** Opening Records for this task block **

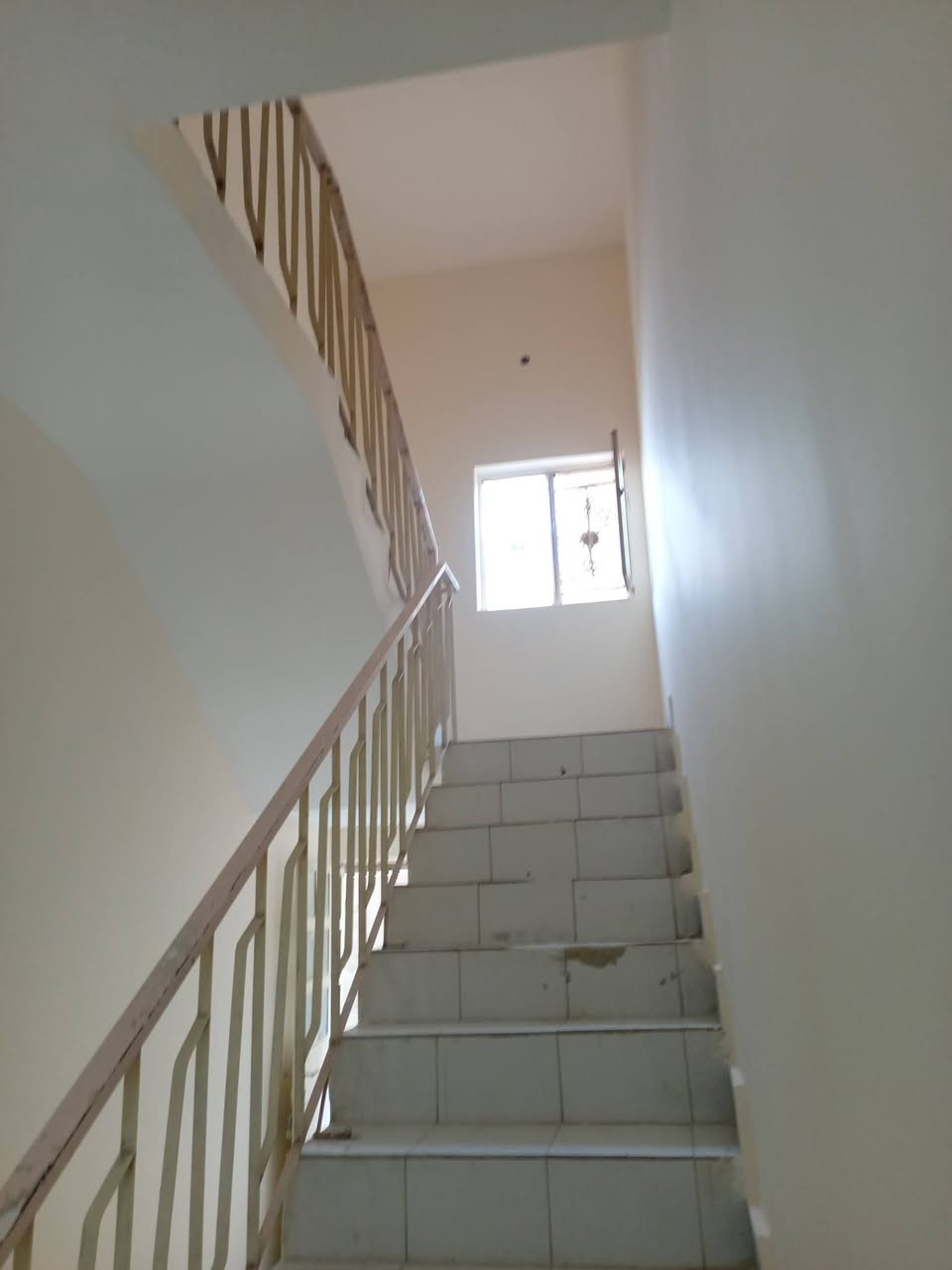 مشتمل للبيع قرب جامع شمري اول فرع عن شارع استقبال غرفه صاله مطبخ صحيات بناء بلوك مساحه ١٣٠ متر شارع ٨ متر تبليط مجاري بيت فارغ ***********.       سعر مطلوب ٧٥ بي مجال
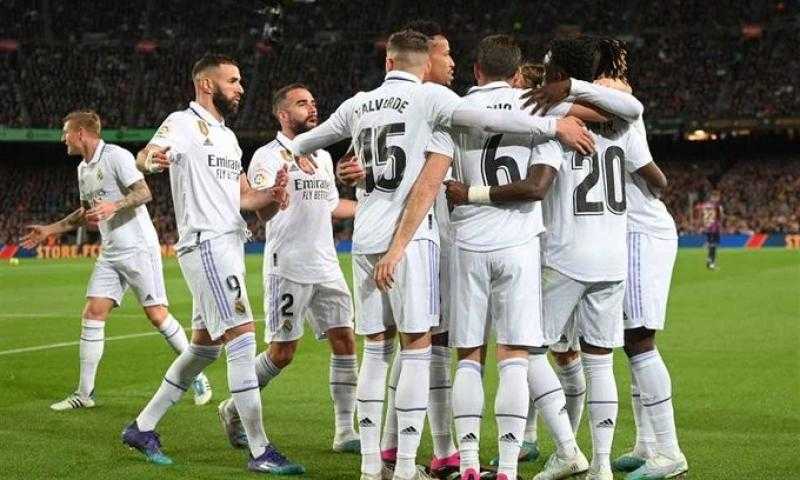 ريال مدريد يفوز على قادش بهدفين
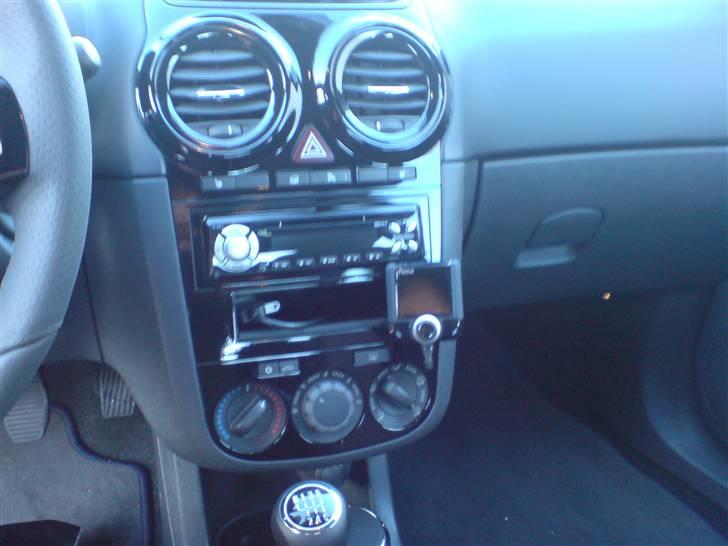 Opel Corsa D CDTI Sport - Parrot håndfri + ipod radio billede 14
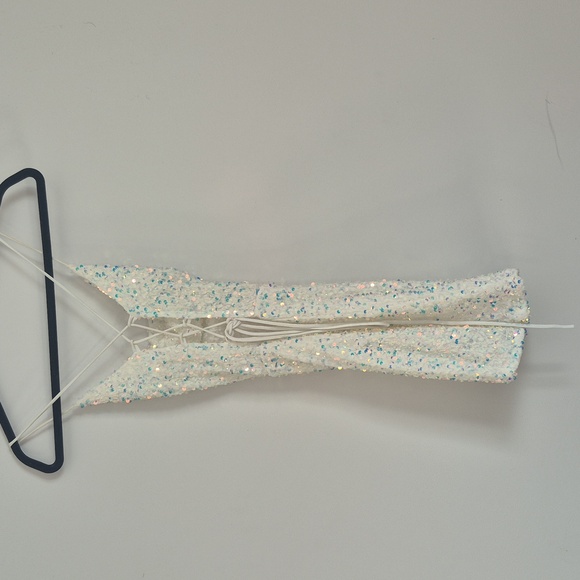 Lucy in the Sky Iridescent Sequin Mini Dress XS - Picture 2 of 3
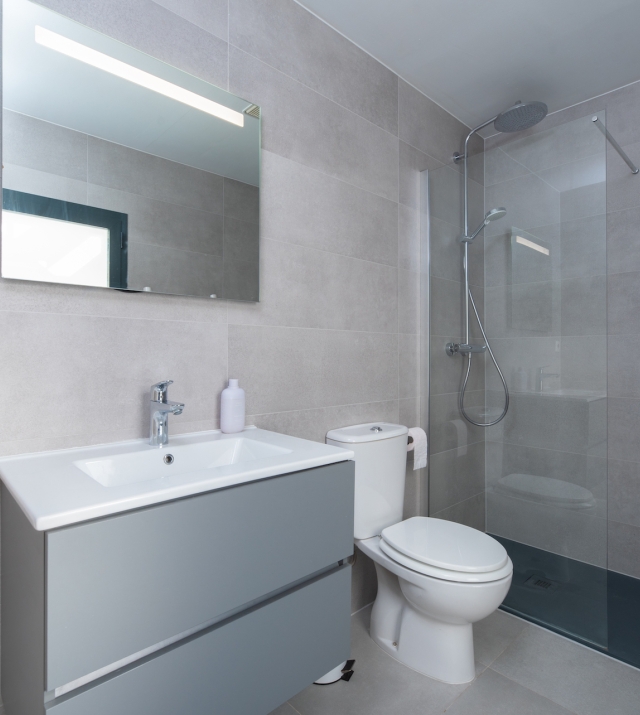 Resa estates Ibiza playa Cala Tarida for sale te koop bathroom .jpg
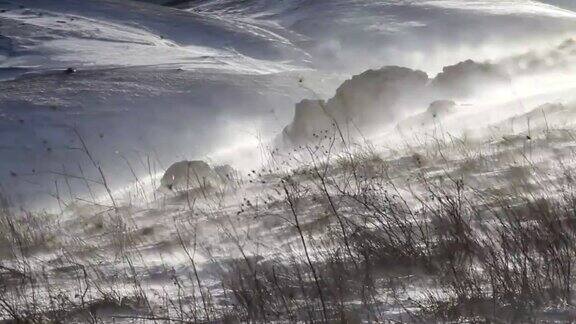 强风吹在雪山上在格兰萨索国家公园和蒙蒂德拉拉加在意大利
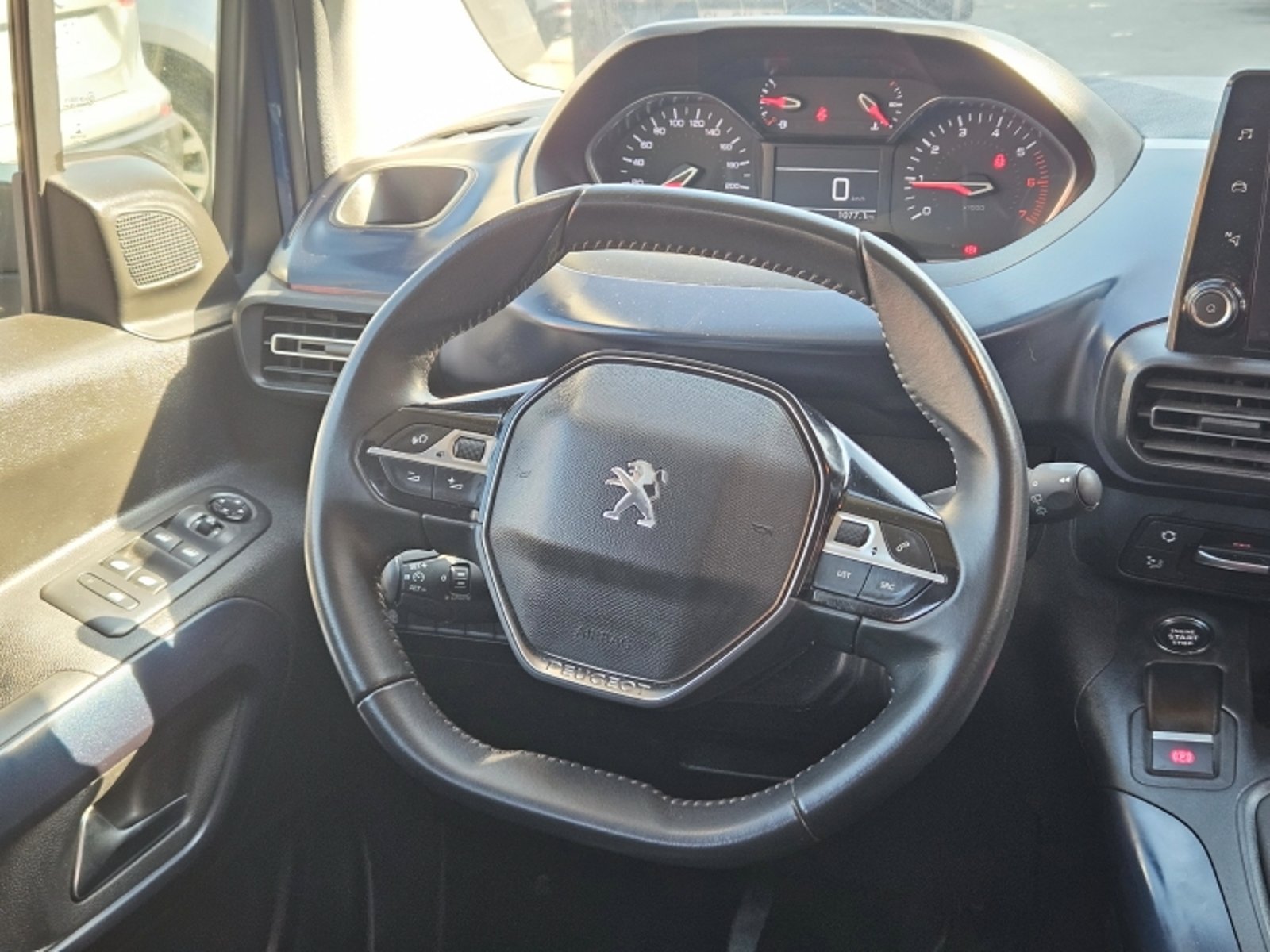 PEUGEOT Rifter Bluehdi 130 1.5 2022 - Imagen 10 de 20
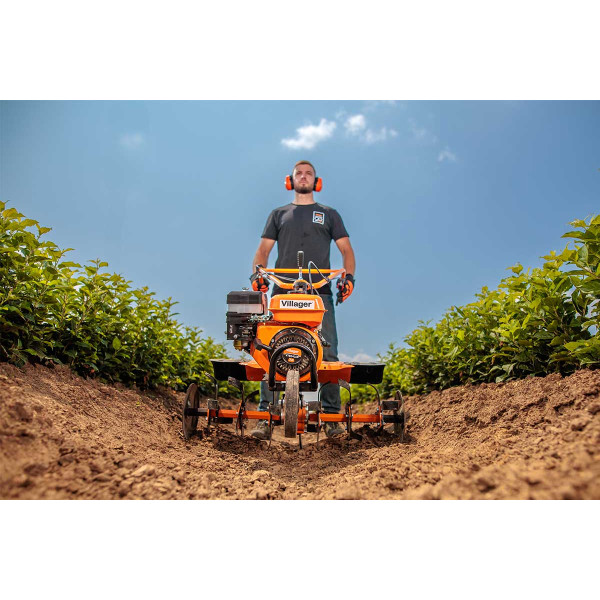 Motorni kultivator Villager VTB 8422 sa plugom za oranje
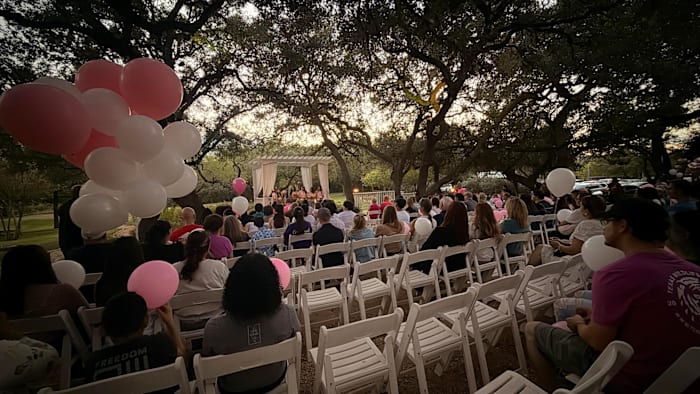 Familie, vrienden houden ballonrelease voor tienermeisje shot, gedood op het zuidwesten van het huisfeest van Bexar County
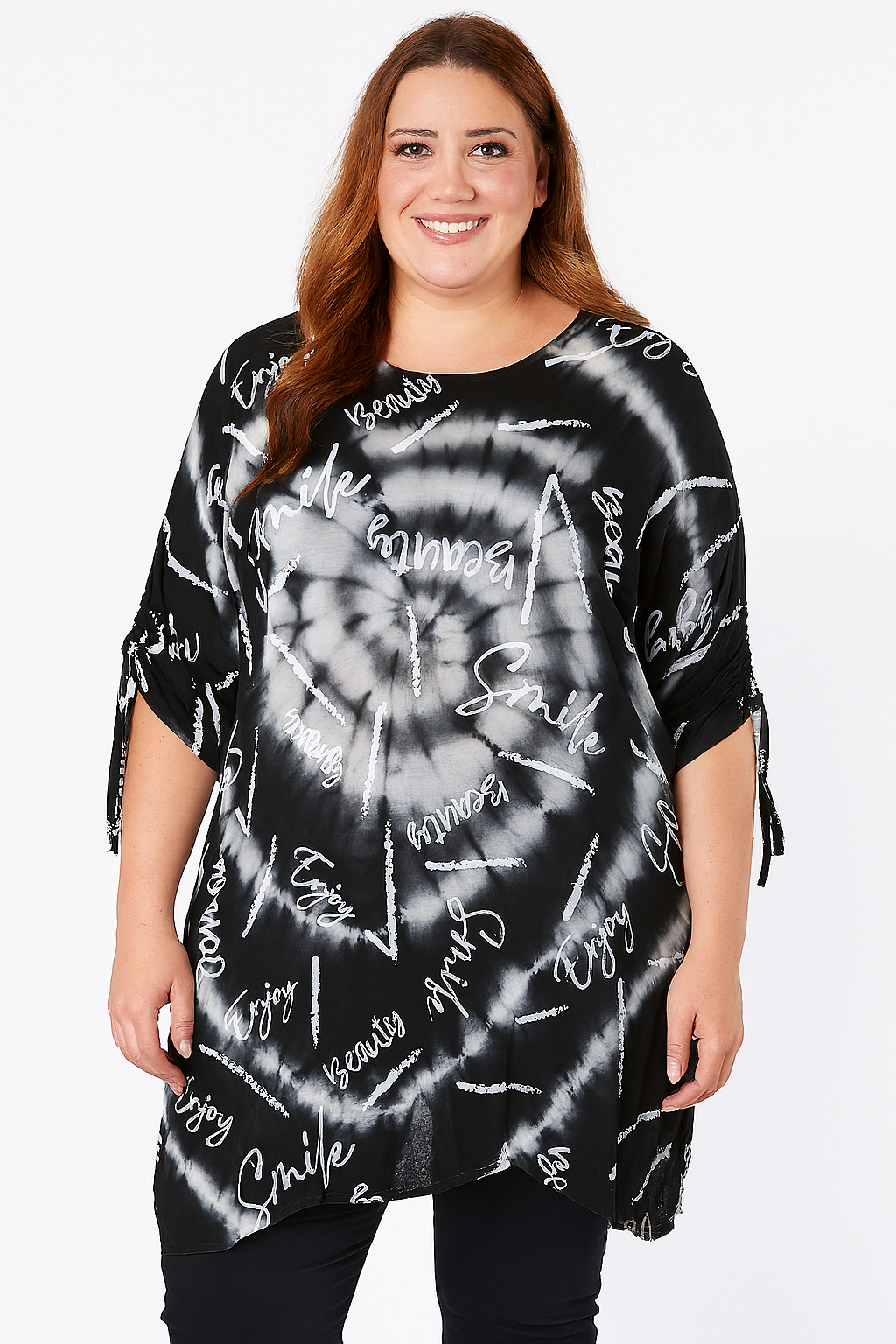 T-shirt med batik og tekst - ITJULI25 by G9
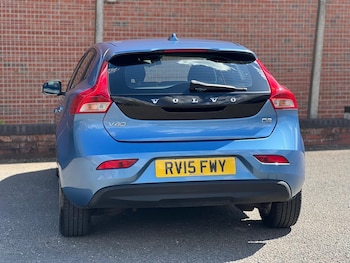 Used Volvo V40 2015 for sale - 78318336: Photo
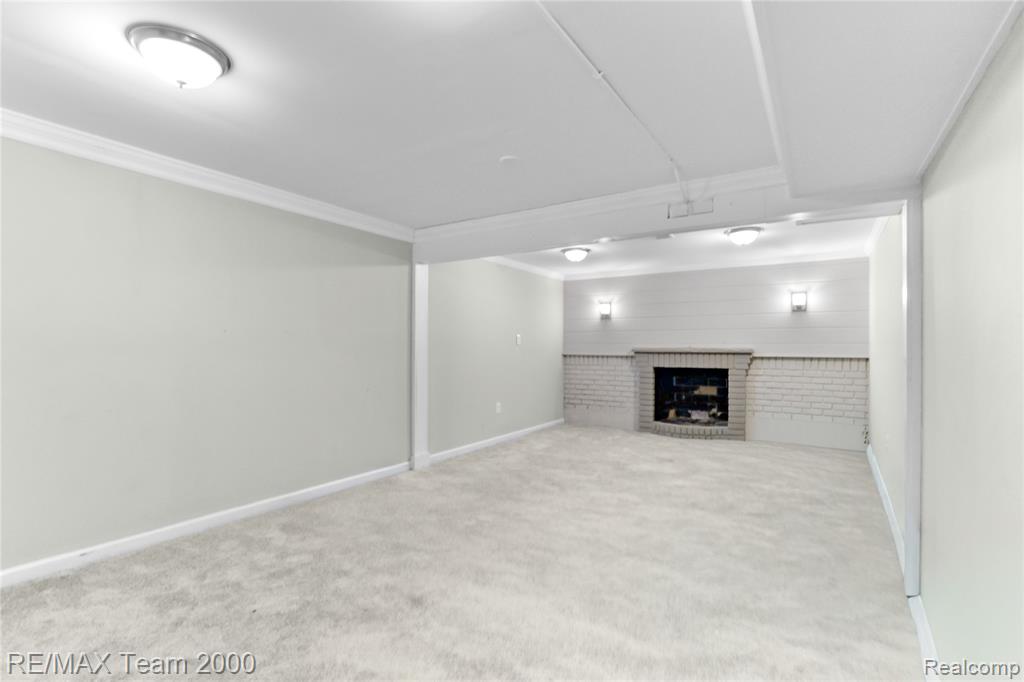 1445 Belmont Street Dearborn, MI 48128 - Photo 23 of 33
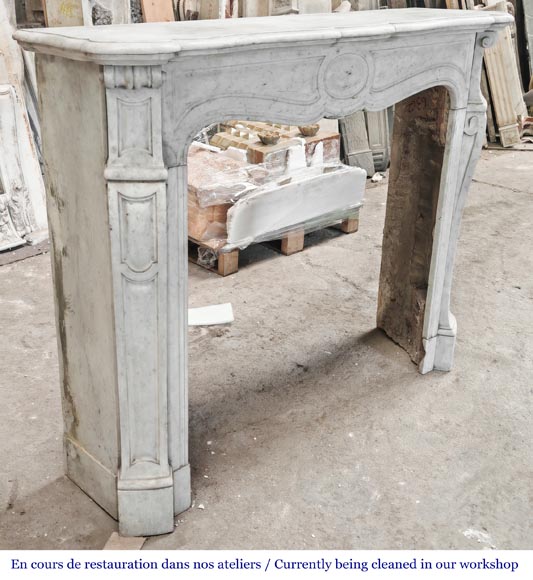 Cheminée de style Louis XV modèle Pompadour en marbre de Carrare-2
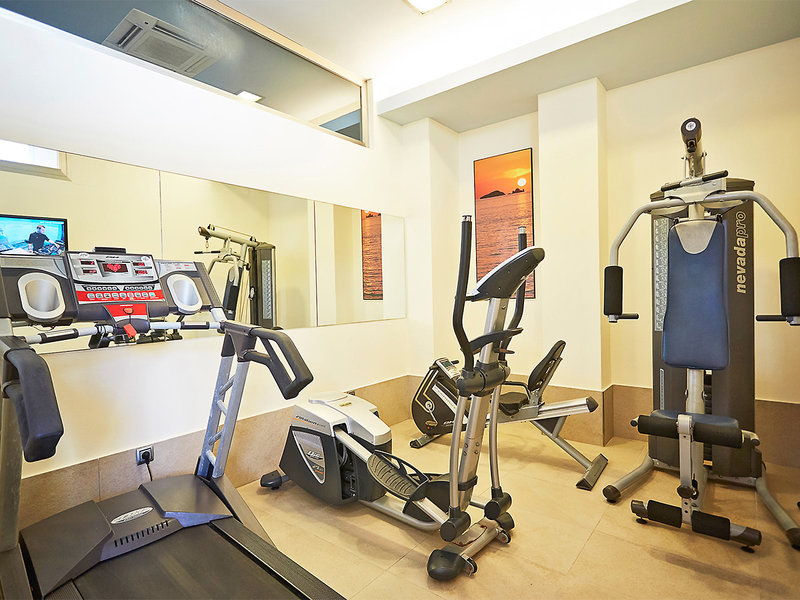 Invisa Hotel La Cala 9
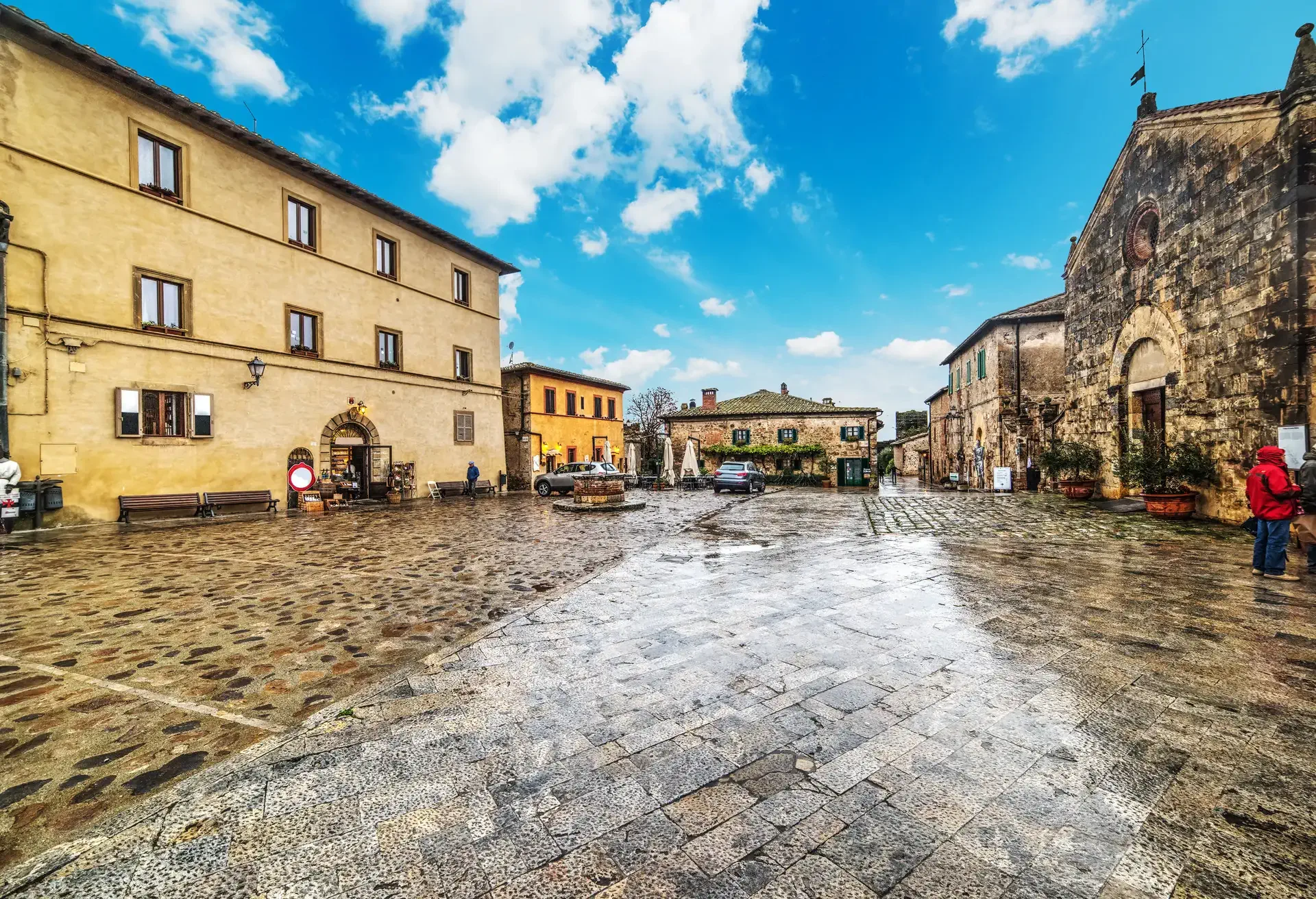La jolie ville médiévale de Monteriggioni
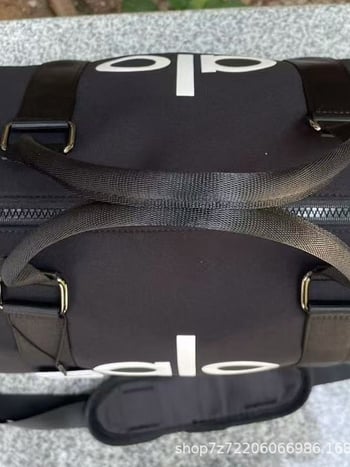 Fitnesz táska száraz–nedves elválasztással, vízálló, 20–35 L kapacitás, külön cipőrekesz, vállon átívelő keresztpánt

** Closing Records for this task block **

■ Exercise description
Write out exactly the lines from the one containing "1445 Belmont Street" through the end of the entries, both included. Pictures are not copied.

■ Answer box
 1445 Belmont Street Dearborn, MI 48128 - Photo 23 of 33
 Cheminée de style Louis XV modèle Pompadour en marbre de Carrare-2
 Invisa Hotel La Cala 9
La jolie ville médiévale de Monteriggioni
 Fitnesz táska száraz–nedves elválasztással, vízálló, 20–35 L kapacitás, külön cipőrekesz, vállon átívelő keresztpánt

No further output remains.